Impact of Struct Size on Pipelining - 2022.2 English

Vitis High-Level Synthesis User Guide (UG1399)

Document ID
UG1399
Release Date
2022-12-07
Version
2022.2 English

The size of a struct used in a function interface can adversely impact pipelining of loops in that function that have access to the interface in the loop body. Consider the following code example which has two M_AXI interfaces:

struct A { /* Total size = 192 bits (32 x 6) or 24 bytes */
    int s_1;
    int s_2;
    int s_3;
    int s_4;
    int s_5;
    int s_6;
};
 
void read(A *a_in, A buf_out[NUM]) {
READ:
    for (int i = 0; i < NUM; i++)
    {
        buf_out[i] = a_in[i];
    }
}
 
void compute(A buf_in[NUM], A buf_out[NUM], int size) {
COMPUTE:
    for (int j = 0; j < NUM; j++)
    {
        buf_out[j].s_1 = buf_in[j].s_1 + size;
        buf_out[j].s_2 = buf_in[j].s_2;
        buf_out[j].s_3 = buf_in[j].s_3;
        buf_out[j].s_4 = buf_in[j].s_4;
        buf_out[j].s_5 = buf_in[j].s_5;
        buf_out[j].s_6 = buf_in[j].s_6 % 2;
    }
}
  
void write(A buf_in[NUM], A *a_out) {
    WRITE:
    for (int k = 0; k < NUM; k++)
    {
        a_out[k] = buf_in[k];
    }
}
 
void dut(A *a_in, A *a_out, int size)
{
#pragma HLS INTERFACE m_axi port=a_in bundle=gmem0
#pragma HLS INTERFACE m_axi port=a_out bundle=gmem1
    A buffer_in[NUM];
    A buffer_out[NUM];
  
#pragma HLS dataflow
    read(a_in, buffer_in);
    compute(buffer_in, buffer_out, size);
    write(buffer_out, a_out);
}

In the above example, the size of struct A is 192 bits, which is not a power of 2. As stated earlier in the document, all AXI4 interfaces are by default sized to a power of 2. Vitis HLS will automatically size the two M_AXI interfaces (a_in and a_out) to be of size 256 - the closest power of 2 to the size of 192 bits (and report in the log file as shown below).

INFO: [HLS 214-241] Aggregating maxi variable 'a_out' with compact=none mode in 
256-bits (example.cpp:49:0)
INFO: [HLS 214-241] Aggregating maxi variable 'a_in' with compact=none mode in 256-bits 
(example.cpp:49:0)

This will imply that when writing the struct data out, the first write will write 24 bytes to the first buffer in one cycle but the second write will have to write 8 bytes to the remaining 8 bytes in the first buffer and then write 16 bytes into a second buffer resulting in two writes - as shown in the figure below.

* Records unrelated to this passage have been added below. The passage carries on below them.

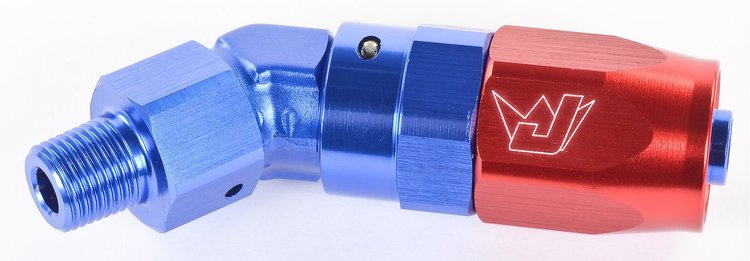45° Max Flow Hose End -06AN x 1/8" NPTM
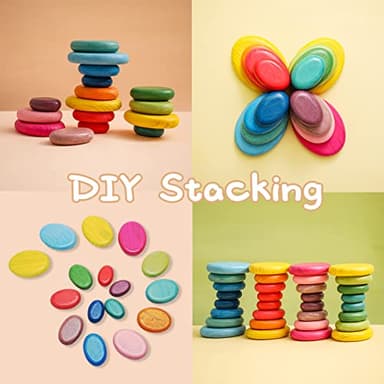 OESSUF 16pcs Extra-Large Wooden Sorting Stacking Rocks - Safe Montessori Toys for 1-3 Year Old, Waldorf Wooden Blocks for Toddlers 1-3, Smooth Stacking Stones for Toddlers, for Kids - Image 3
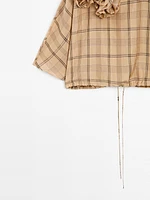 Blouse with floral and check print - STUDIO
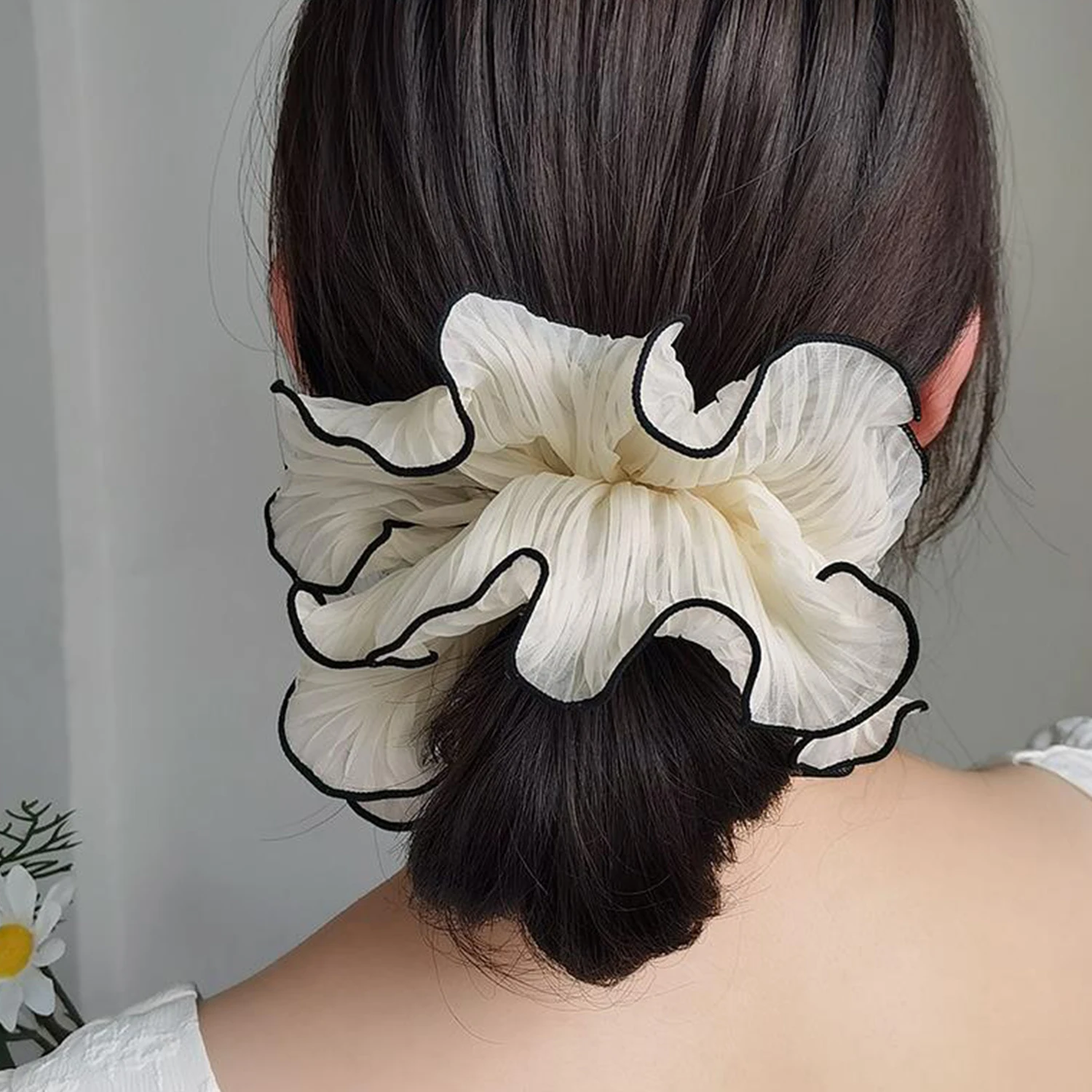 Scrunchies de satén de gran tamaño para mujer, lazos para el cabello Vintage de lujo, banda elástica grande para el cabello, accesorios para el cabello para niñas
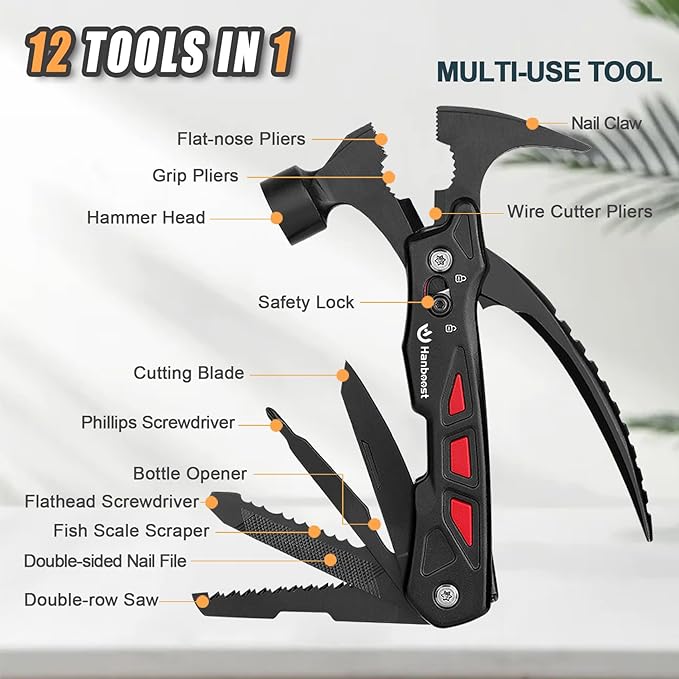 Multitool Hammer Multifunction Claw Hammer Multipurpose Camping DIY Survival Gear Gadget with Phillips Screwdriver Nail File Bottle Can Opener for Hiking Outdoor Camping Gifts for Men Him Dad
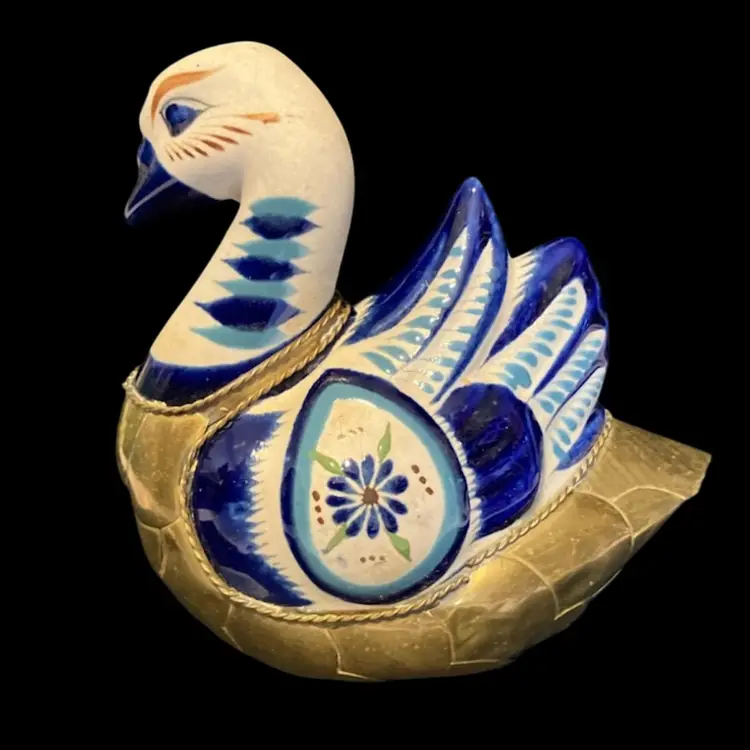 Beautiful Tonala Ceramic With Brass Swan Decorative Figurine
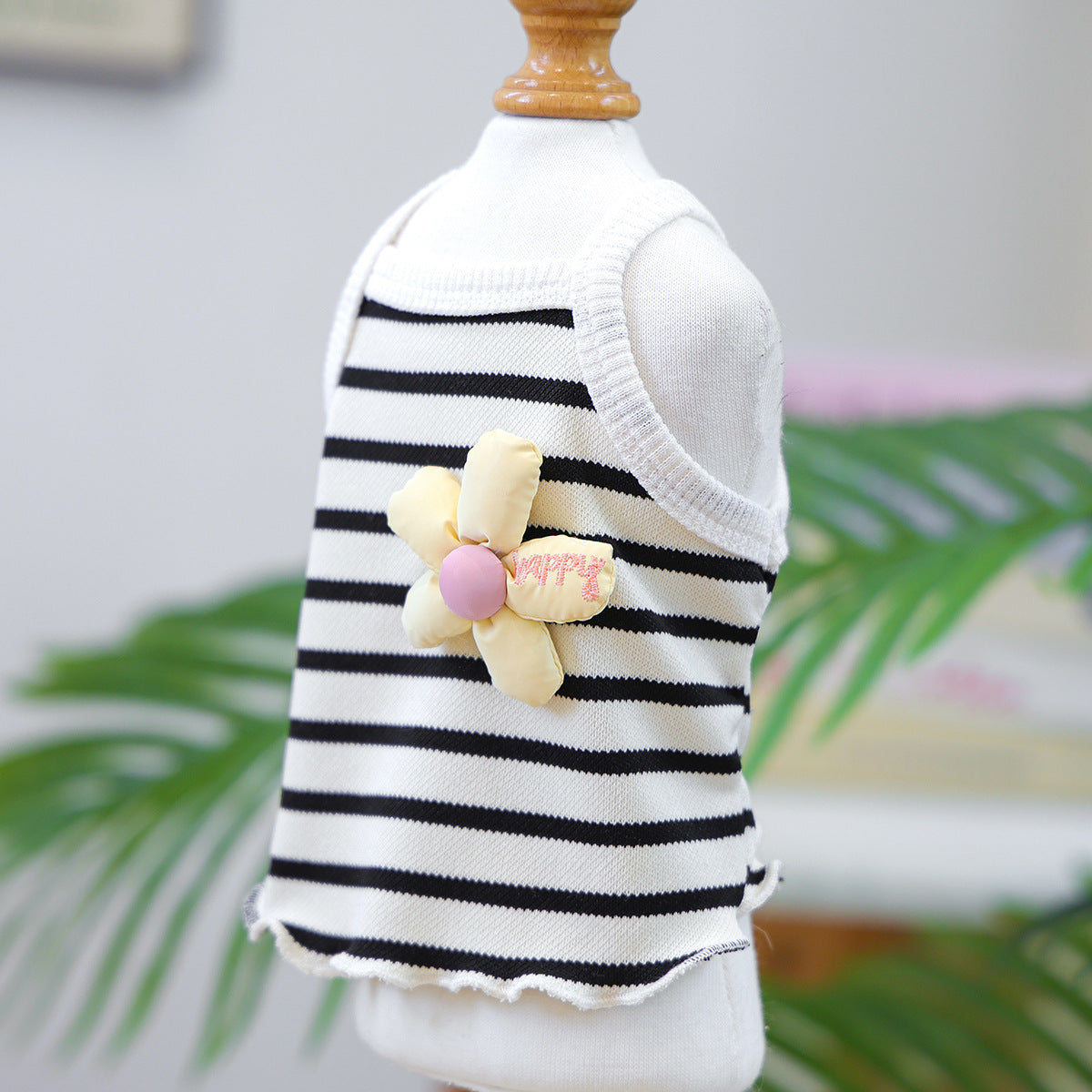 Breathable Striped Flower Decor Dog Cat Vest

Figure 1. Misaligned Write Cycles

This will cause the II of the WRITE loop in function write() to have an II violation since it needs II=2 instead of II=1. Similar behavior will happen when reading and therefore the read() function will also have an II violation since it needs II=2. Vitis HLS will issue the following warning for the II violation in function read() and write():

WARNING: [HLS 200-880] The II Violation in module 'read_r' (loop 'READ'): Unable 
to enforce a carried dependence constraint (II = 1, distance = 1, offset = 1) between 
bus read operation ('gmem0_addr_read_1', example.cpp:23) on port 'gmem0' (example.cpp:23) 
and bus read operation ('gmem0_addr_read', example.cpp:23) on port 'gmem0' (example.cpp:23). 

WARNING: [HLS 200-880] The II Violation in module 'write_Pipeline_WRITE' (loop 'WRITE'): 
Unable to enforce a carried dependence constraint (II = 1, distance = 1, offset = 1) 
between bus write operation ('gmem1_addr_write_ln44', example.cpp:44) on port 'gmem1' 
(example.cpp:44) and bus write operation ('gmem1_addr_write_ln44', example.cpp:44) on 
port 'gmem1' (example.cpp:44).

The way to fix such II issues is to pad struct A with 8 additional bytes such that you are always writing 256 bits (32 bytes) at a time or by using the other alternatives shown in the table below. This will allow the scheduler to schedule the reads/writes in the READ/WRITE loop with II=1.

Table 1. Struct Alignment
Code Block Description
struct A {  
    int s_1;                                                
    int s_2;                                                
    int s_3;
    int s_4;
    int s_5;
    int s_6;
    int pad_1;
    int pad_2;
};
Defines the total size of the struct as 256 bits (32 x 8) or 32 bytes, by adding required padding elements.
struct A {                        
    int s_1;                                                
    int s_2;                                                
    int s_3;
    int s_4;
    int s_5;
    int s_6;
 } __attribute__ ((aligned(32)));  
Uses the standard __aligned__ attribute.
struct alignas(32) A {
    int s_1;                                                
    int s_2;                                                
    int s_3;
    int s_4;
    int s_5;
    int s_6;
 }
Uses the C++ standard alignas type specifier to specify custom alignment of variables and user defined types.